Jumpers parachute in before the start of the Gardena Serra-Oceanside game, which drew the largest crowd of the weekend during the U-T San Diego Honor Bowl at Oceanside High.
The U-T San Diego Honor Bowl last weekend at Oceanside High was a roaring success, far exceeding expectations.
There were three great high school football games, one dud and one JV contest.
Around the field there were sky divers, military displays, football throws and concessions worthy of a county fair.
Still, this event could be so much better should the organizers choose to return to Oceanside.
Friday’s first game was a JV contest between Oceanside and Corona Centennial.
Maybe the 4 p.m. Friday game could be a clash between small-school powers like San Diego’s Santa Fe Christian, Francis Parker or Christian against San Juan Capistrano St. Margaret, Chatsworth Sierra Canyon or Arcadia Rio Hondo to ensure a larger crowd.
Oceanside should always play the feature game on Friday night against a top-notch, out-of-town opponent.
The Pirates’ game against Gardena Serra was a classic before a rocking, full house. Sure it was a 50-39 loss for Oceanside, but it was a game that will long be remembered by San Diego football fans.
That game, however, should kick off at 7 or 7:30 p.m. instead of 8.

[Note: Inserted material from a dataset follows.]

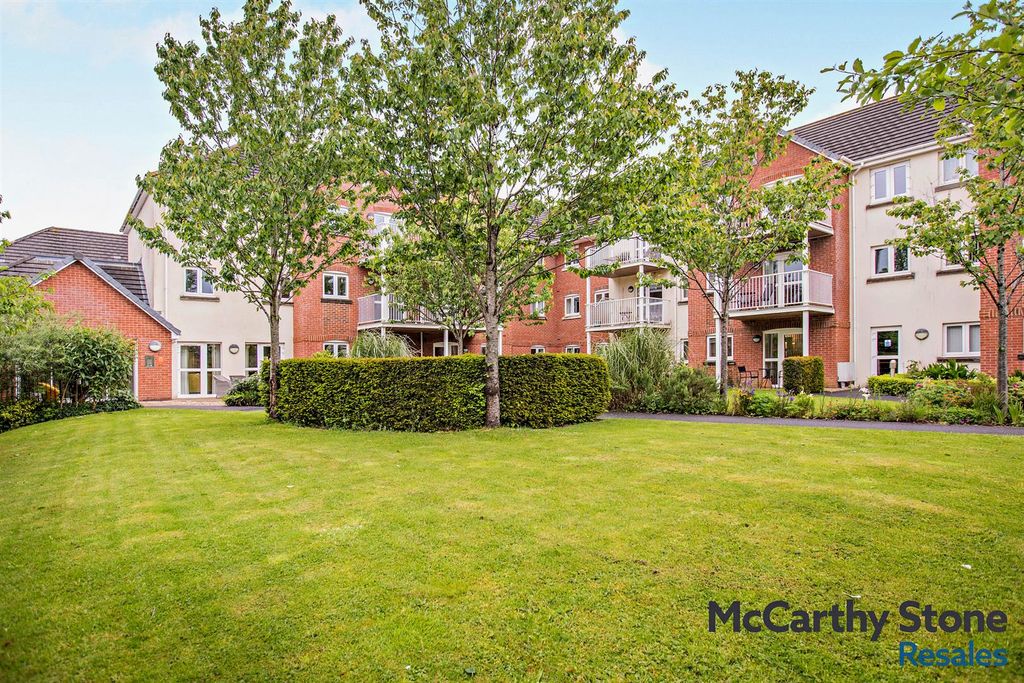 Additional image 14 of 1 bed flat for saleSquire Court, Raleigh Mead, South Molton EX36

The Saturday games featured a pair of military teams at 9 a.m. Nothing wrong there.
The next three games didn’t have a San Diego team, and that was a mistake as the Simcox Field stands were only half-full — at best.
Sherman Oaks Notre Dame took down Loomis Del Oro 41-24 in the noon game.
This event was started by Del Oro coaches three years ago, and the Sacramento-area school should always be involved. But a San Diego team — Mission Hills, Madison, Helix, Cathedral Catholic or St. Augustine — should have been the opponent.
The 4 p.m. game was a 57-28 dud, Westlake Village Oaks Christian winning easily with Upland in disarray. Again, a San Diego team should have played Oaks Christian.
The late game was a 69-55 all-time classic with Corona Centennial beating Ventura St. Bonaventure.
Tre Watson, Centennial’s Cal-bound running back, rushed 37 times for 468 yards and seven touchdowns. Centennial quarterback Robert Webber completed 21 of 30 passes for 346 yards and rushed 11 times for 77 yards.
St. Bonaventure’s Marcus Chambers rushed 25 times for 235 yards and caught three passes for 63 yards. Alabama-bound quarterback Ricky Town completed 24 of 34 passes for 259 yards and five TDs.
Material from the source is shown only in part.